The backslashed quantifier notation is part of what Väänänen calls ‘Dependence Friendly Logic’, and is equivalent to the ‘Dependence Logic’ that the rest of the book expounds. This backslash notation makes the difference between Dependence (Friendly) Logic and Independence Friendly Logic clear by showing that the former logic takes the notion of dependence to be fundamental whereas the latter takes independence to be fundamental. Väänänen takes this to be an advantage because he says that Dependence Logic avoids making
one ha[ve] to decide whether “other variable” refers to other variables actually appearing in a formula ?, or to other variables in the domain…
However, this treatment misses an important philosophical difference between Independence Friendly Logic and Dependence Logic. Dependence Logic is fundamentally based upon Wilfrid Hodges work, ‘Compositional Semantics for a language of imperfect information’ in Logic Journal of the IGPL (5:4 1997) 539-563, in which Hodges lays out a compositional semantics for languages such as Independence Friendly Logic using sets of assignments instead of individual assignments to determine satisfaction (T or F). Väänänen infers that Independence Friendly logic is just a bit unruly when it comes to specifying variables because he is working within a system that assumes sets of assignments are a useful and unproblematic way to determine satisfaction.
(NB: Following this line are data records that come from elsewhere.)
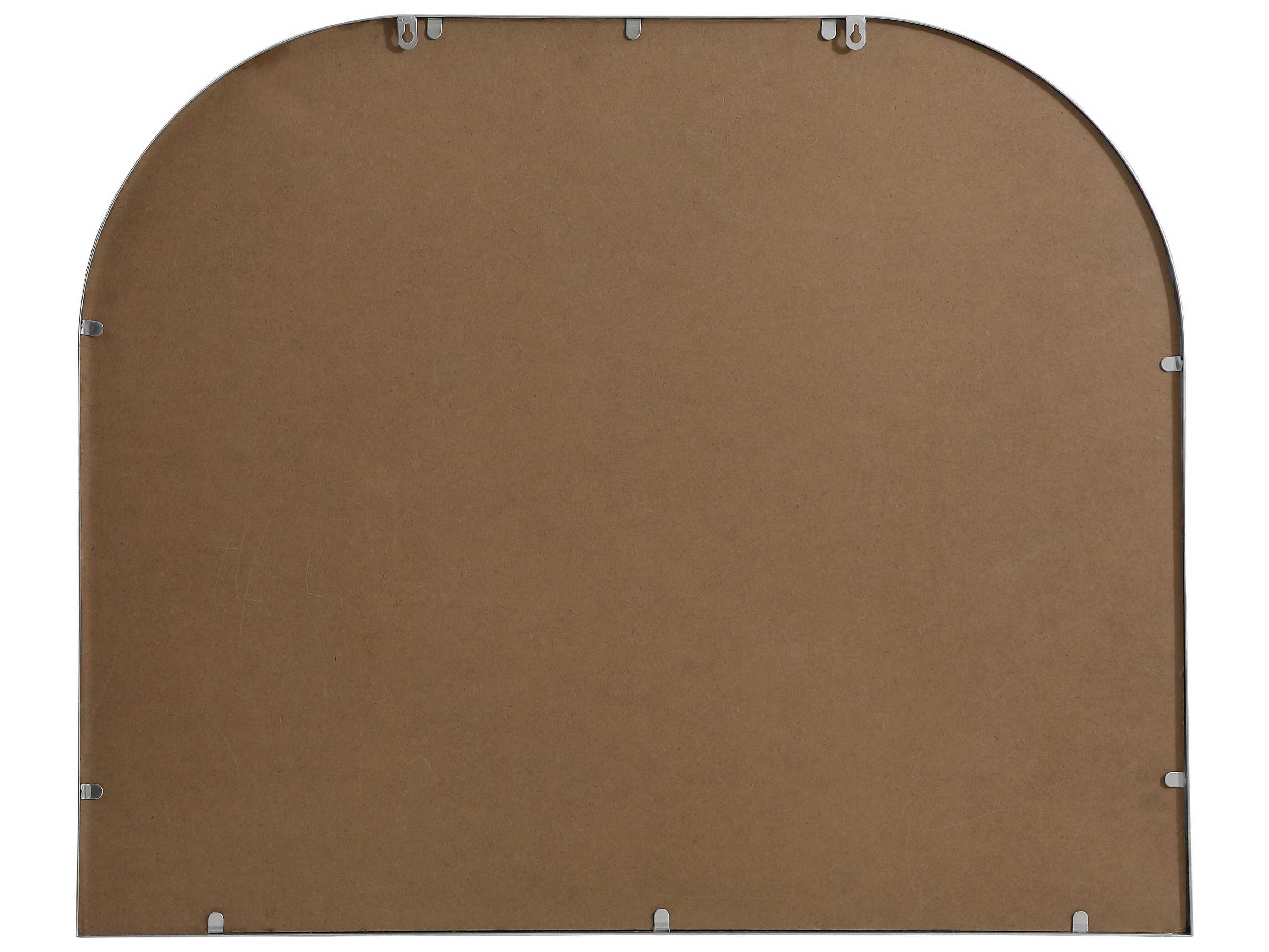 Elegant Lighting Blaire Silver Arch Wall Mirror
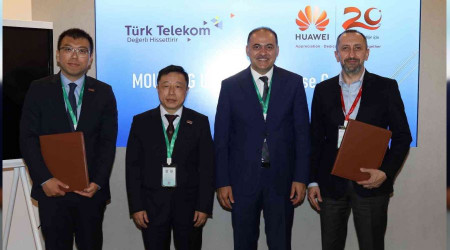 Türk Telekom ve Huawei'den dev 5G işbirliği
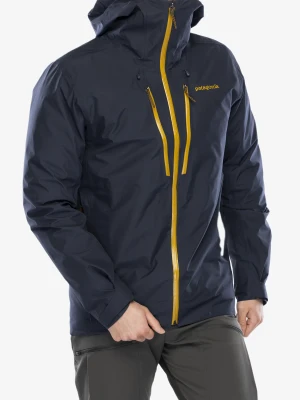 Kurtka z membraną Patagonia Triolet Jacket - smolder blue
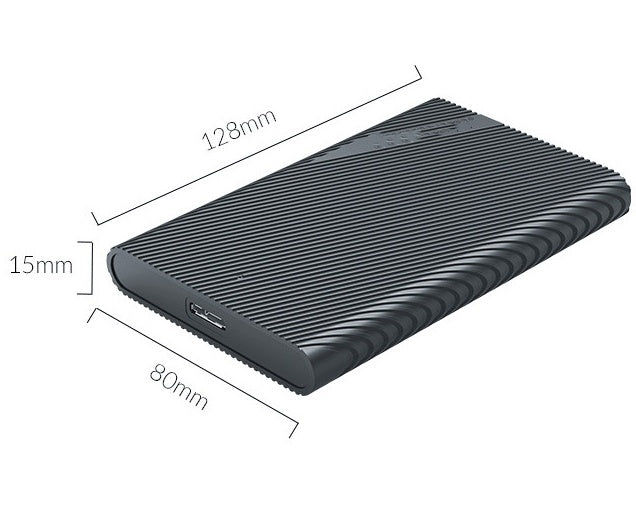 2.5-inch External Hard Drive Enclosure with USB 3.0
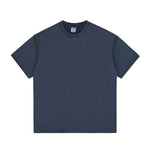 Crew Neck Washed Cotton T Shirt 7.8oz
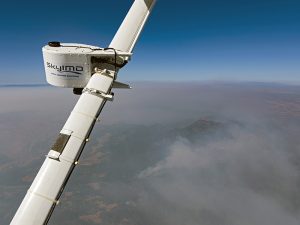 Aerial image Mapping Napa Fires 2017 - Mount St. Helena Phase One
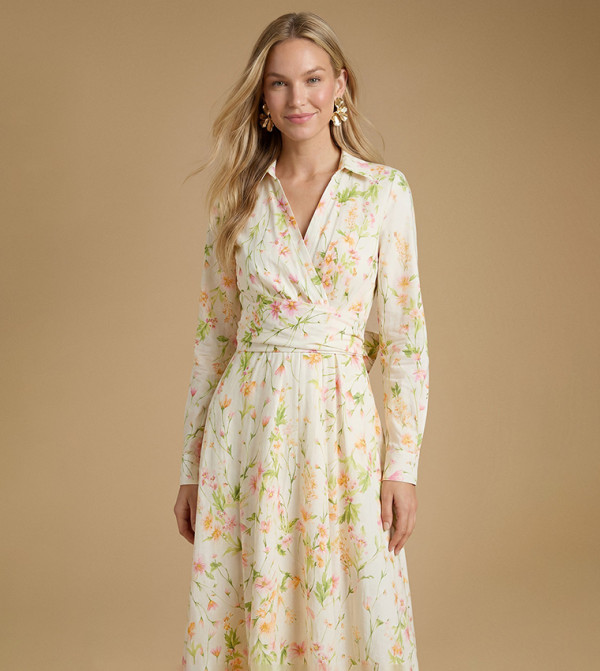 Oasis  Clothing - Multi Shirt & T-Shirt Dresses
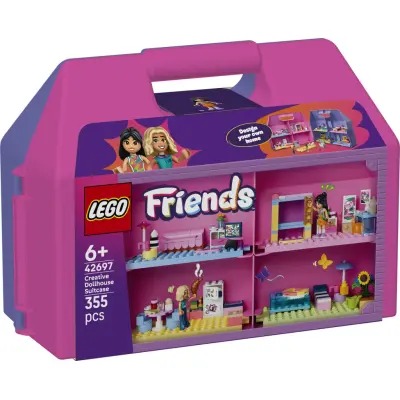 LEGO® Friends Kreativ dockskåpsväska 42697 - LEGO -  Leksaksaffären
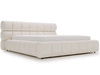 Polsterbett mit Bettkasten und Lattenrost 180x200 Mellow Beige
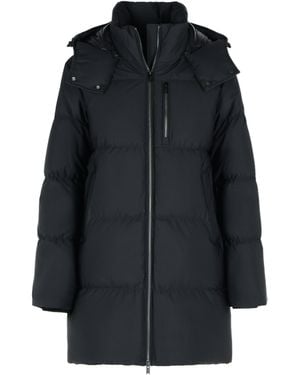 Moose Knuckles Nyluxe Chelia Shearling 3Q Jacket - Black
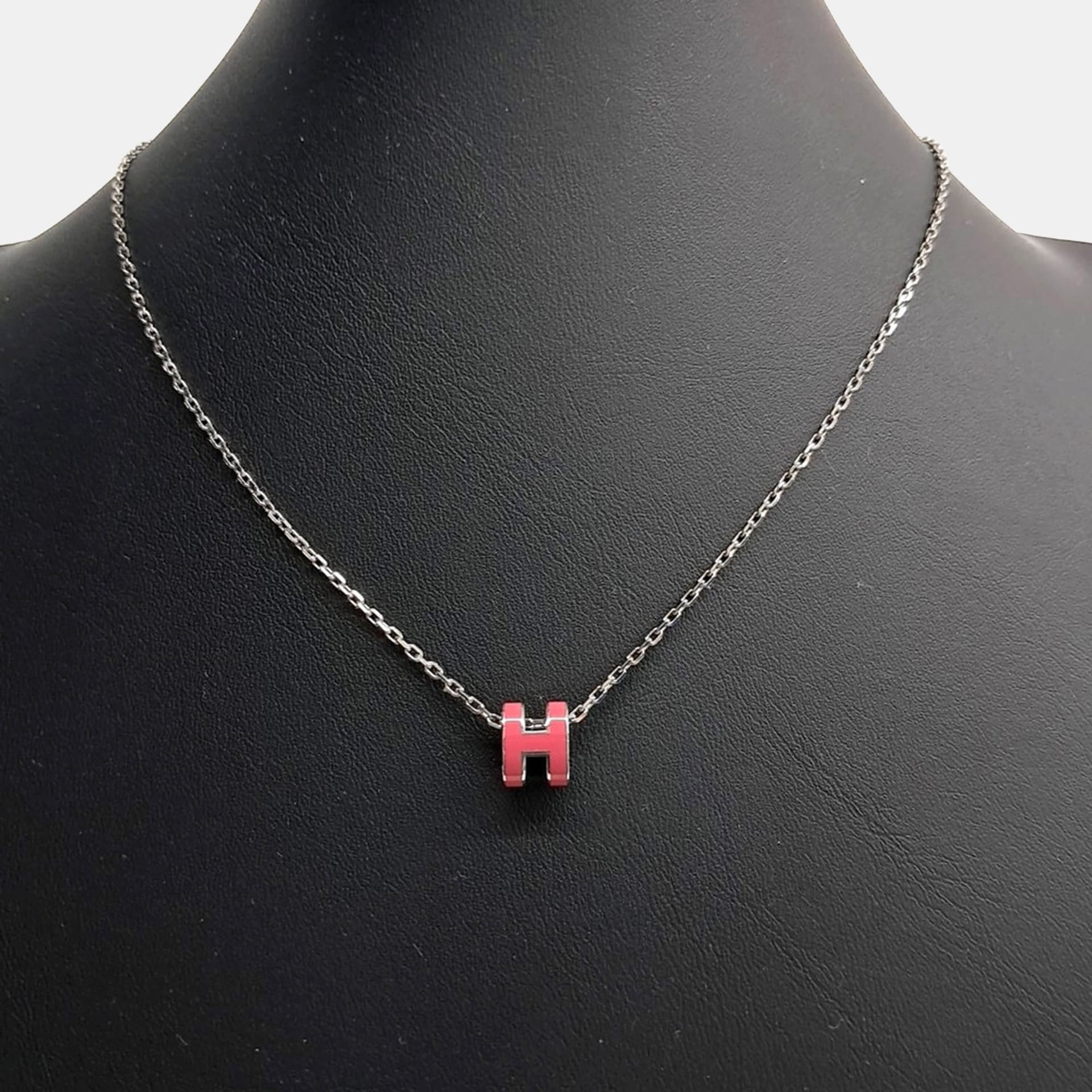 Herm&egrave;s Mini Pop H Necklace
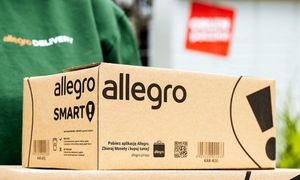 Kurs akcji Allegro wzrósł na zamknięciu sesji. Firma ogłosiła wcześniej decyzję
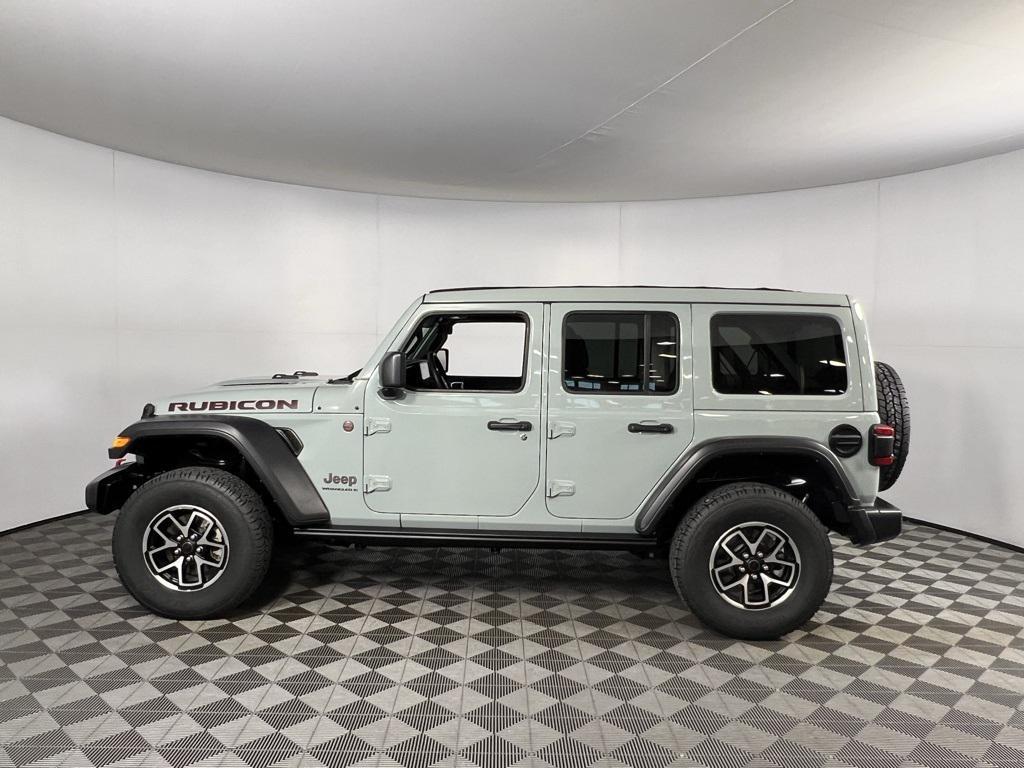 used 2024 Jeep Wrangler car, priced at $44,973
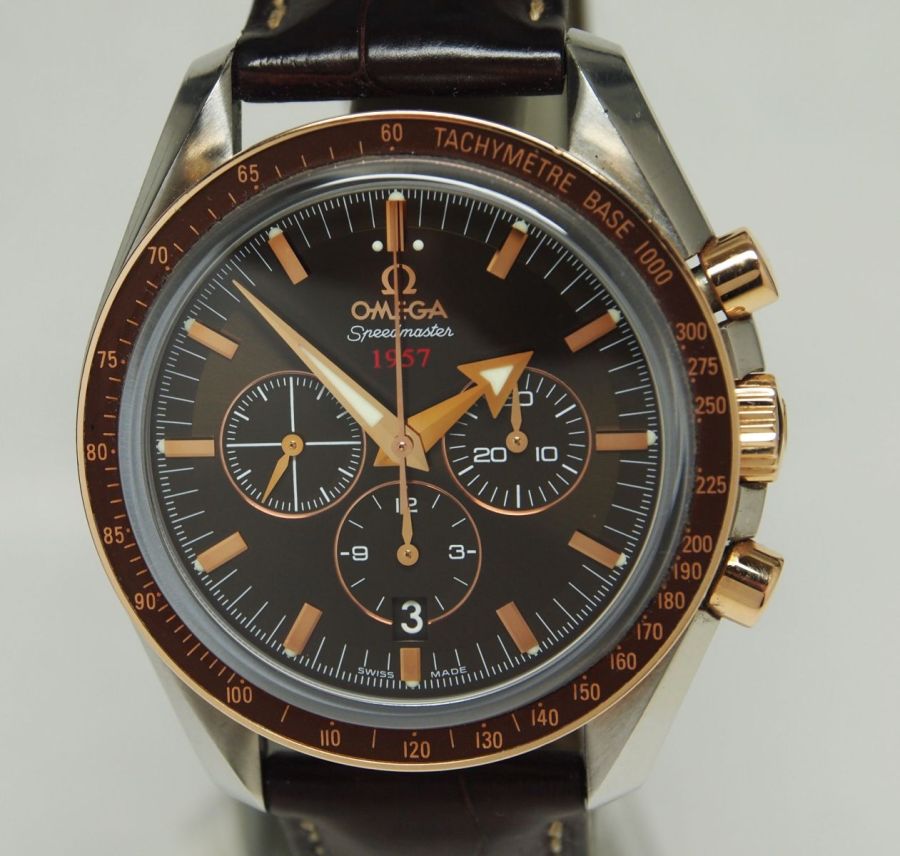 Omega Speedmaster Broad Arrow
However the unseen problem of using sets of assignments is that something is added by assuming the domain is a set. For example, let’s take try to define a location and take the set of all the points in the universe. However, we immediately run into relativity: All locations are defined relative to each other and the people trying to figure out where things are, i.e. There is no predetermined set of all the points in the universe. The issue is that the domain of potential assignments, the objects in the universe, may be dependent upon the person or people using them (the players of the semantic game in this case). If the domain is dependent upon the players, the set cannot be constructed until after the players have begun the game. Therefore, if we postulate that the domain is a set at the outset then the players know something about the game that they are playing, namely that it does not depend upon them because it was predetermined.
Following this line of thought it seems possible to constructed a game in which the domain {Abelard, Eloise} is such that Abelard and Eloise are the actual people playing the game and the formula is ‘Someone x lost the game by instantiating this formula’ such that whoever instantiated that formula would win the game according to the rules. But then the formula would not be satisfied, so that player would have lost, but then it would be satisfied, a paradox. It is easy enough to declare that the domain must be independent of the players, but again this signals something about the game being played to the players before the formula to be is revealed.
Lastly there is something to be said about using logic to represent natural language here too: if you consider the set of all possible responses to some question, you are not ever considering all possible responses, but all the possible responses you can think of at that time. Therefore if we are using game semantics and imperfect information to represent natural language, then it is a mistake to predetermine the domain of all possible responses separate from the people involved. Again, the domain being linked to the people involved is at odds with the domain being a predetermined set.
Long story short, there is a very good reason for not always using sets of assignments to determine satisfaction. Depending on the situation, a set may offer non-trivial information about a game or misconstrue the game being played. Independence Friendly logic makes no assumptions about the type of game being played and is therefore of greater scope than logics that are based upon Hodges work. Of course one is free to use sets of assignments to determine satisfaction and derive set-theoretic results, but the compositionality gained comes at the price of limiting the types of games that can be played.